[AIM OF THE EXERCISE] The answer must consist solely of the lines below starting at the one containing "(#210-10FRMS2) Microtech Titanium" and ending at the one containing "Feeling4Home Couchtisch 3er-Set", repeated exactly, with both ends included and all pictures omitted.

[EXTRACTED ENTRIES]
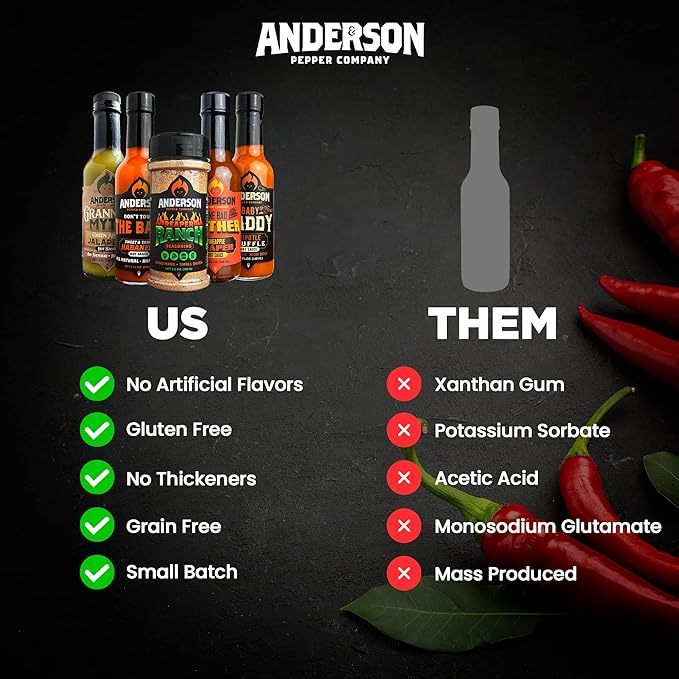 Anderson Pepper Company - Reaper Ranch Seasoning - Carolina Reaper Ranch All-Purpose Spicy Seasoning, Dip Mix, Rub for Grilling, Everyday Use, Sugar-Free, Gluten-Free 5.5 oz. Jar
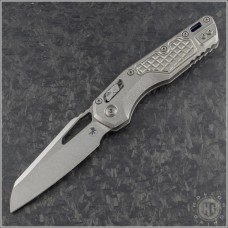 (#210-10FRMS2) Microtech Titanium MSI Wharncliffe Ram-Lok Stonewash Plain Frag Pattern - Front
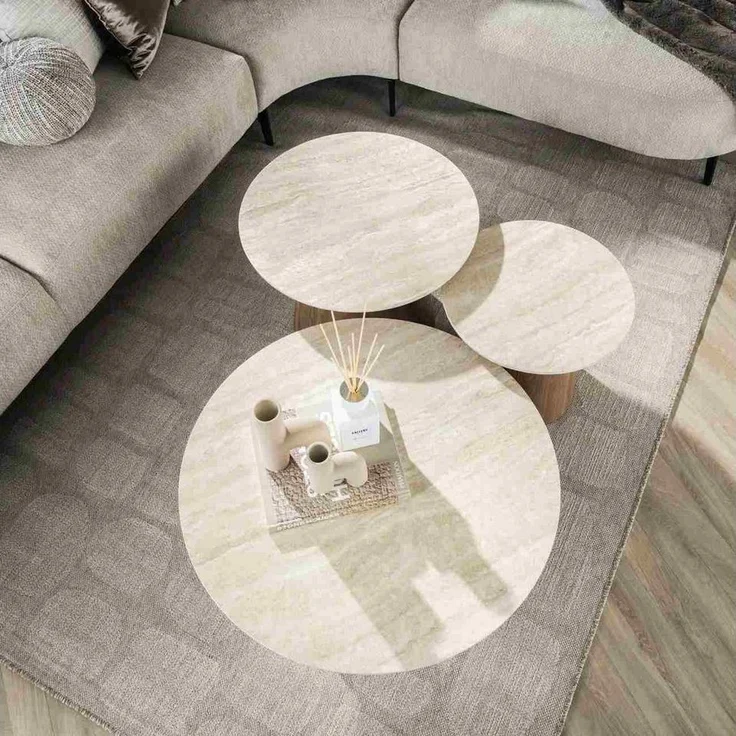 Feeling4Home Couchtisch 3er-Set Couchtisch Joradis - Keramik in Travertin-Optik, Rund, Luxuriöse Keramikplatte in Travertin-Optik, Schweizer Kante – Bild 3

* * *

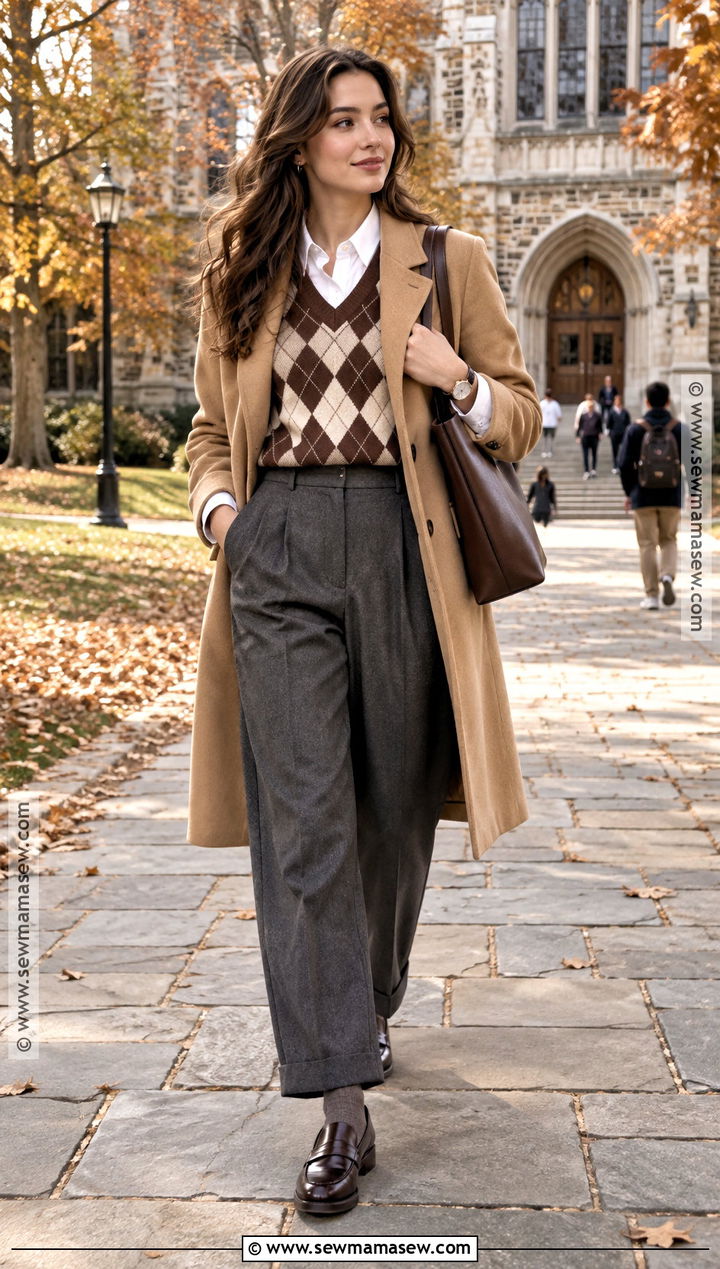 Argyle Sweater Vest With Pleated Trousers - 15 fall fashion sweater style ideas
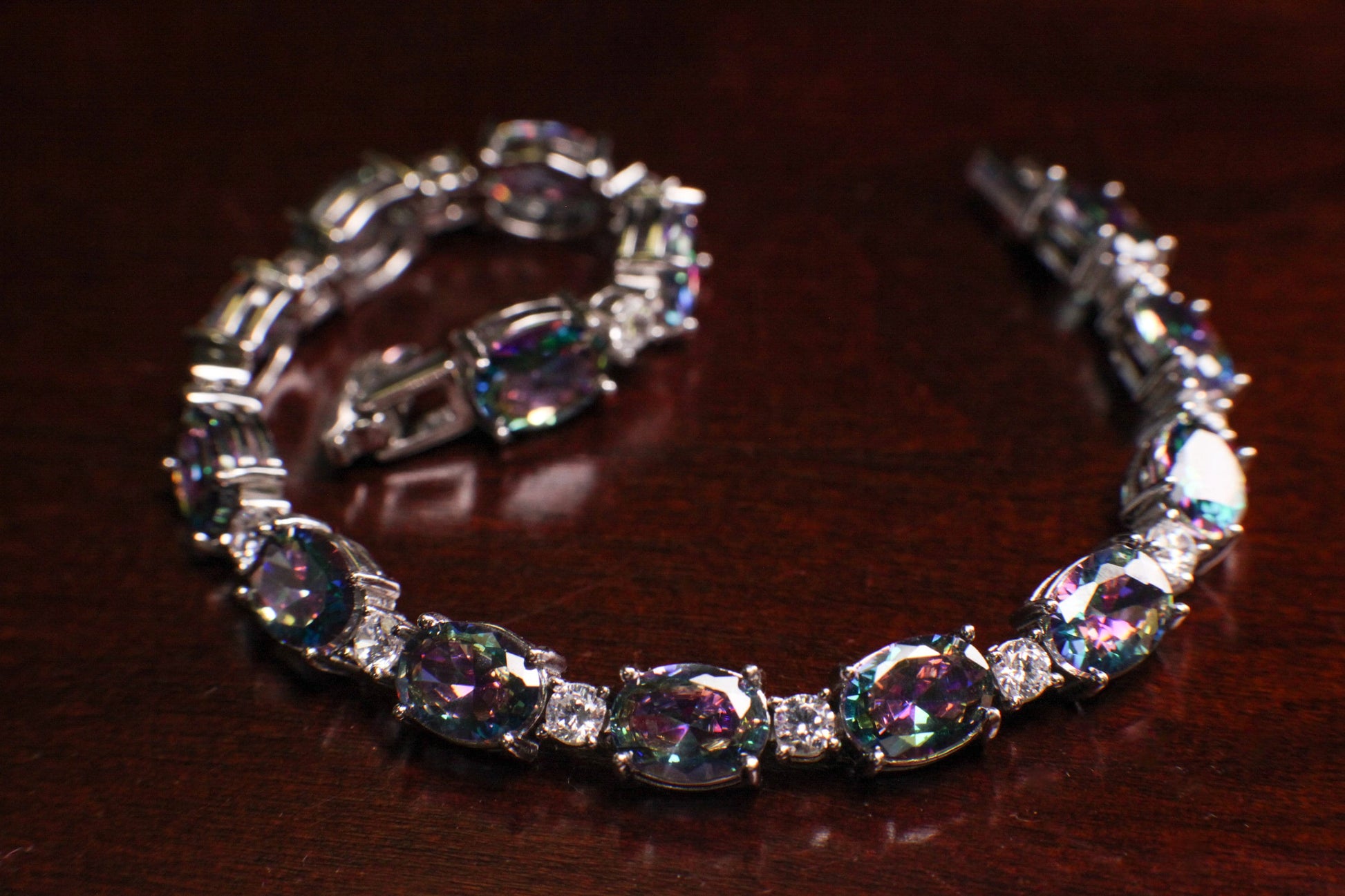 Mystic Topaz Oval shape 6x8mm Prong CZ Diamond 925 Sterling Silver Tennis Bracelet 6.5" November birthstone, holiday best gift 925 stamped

[FINISHED EXERCISE]
 (#210-10FRMS2) Microtech Titanium MSI Wharncliffe Ram-Lok Stonewash Plain Frag Pattern - Front
 Feeling4Home Couchtisch 3er-Set Couchtisch Joradis - Keramik in Travertin-Optik, Rund, Luxuriöse Keramikplatte in Travertin-Optik, Schweizer Kante – Bild 3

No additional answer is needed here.